The final product of the wet-milling separation process is starch. The housewife, food manufacturers, and laundries have many uses for cornstarch. Paper manufacturers use more starch than any other industry to toughen and size (glaze) paper. Textile manufacturers are second. Cotton and synthetic yarns and fabrics are sized with starch.

Glucose (or dextrose, or grape sugar, or corn sugar), simple (monosaccharide) sugar found in fruits and other foods and in the blood of animals; fuels the energy needs for most living organisms.
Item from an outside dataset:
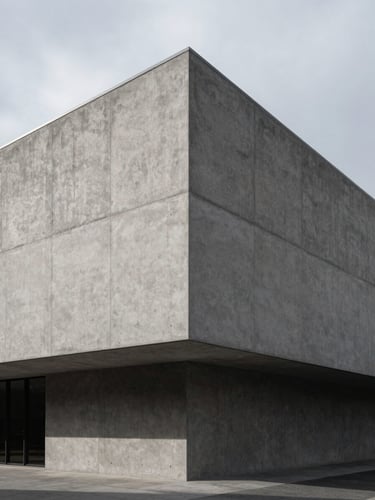 Wide architectural angle of a modern concrete building facade with clean geometric lines, dramatic overcast side lighting and deep shadows, sober editorial style, 35mm lens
A huge amount of starch is converted into corn syrups (glucose), sugars, and dextrose by cooking and chemical treatment. These too have countless uses in cooking and in various industrial processes. Even the steep water in which the kernels are soaked is important. Evaporated to a thick, soupy liquid, it is used as a food for the moulds that produce penicillin and other wonder drugs.

Corncobs are ground for a coarse livestock feed. They are used also in a polishing powder, insulation, and a form of sandblasting. Furfural, an oily liquid extracted from corncobs, goes into man-made fibres, drugs, and solvents. Some specially grown cobs are made into pipes for smoking.
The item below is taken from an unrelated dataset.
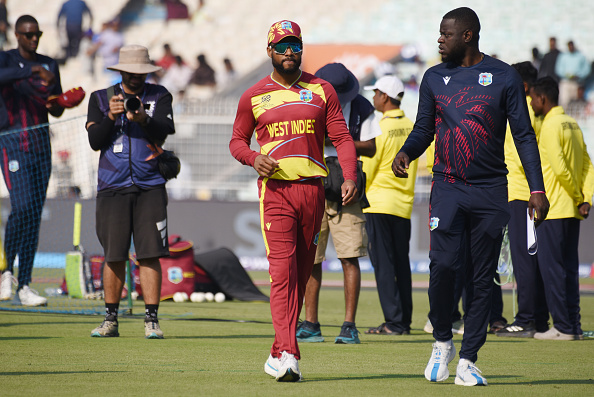 Daren Sammy with Shai Hope | Getty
Millions of tons of cornstalks are made into a rubber substitute, maizolith. A large quantity is used for making paper and wall board Even the gases from fermenting corn are used to make methyl alcohol.

American Indians had many kinds of corn, and there are now more than 1,000 named varieties. The smallest is the golden thumb popcorn plant, about 18 inches (46 centimetres) high. Some varieties have only eight rows of kernels; others, as many as 48 rows. Colours include white and shades of yellow, red, and blue.

The chief types of corn are pod, soft, sweet, pop, flint, and dent corn. Pod corn has each kernel enclosed in a pod or husk. Soft corn is used for corn flour and for roasting ears.
Sweet corn has the smallest amount of starch; popcorn, the highest. Flint and dent corns lead all other varieties on the grain markets and for livestock feeding. The scientific name of corn is Zea mays.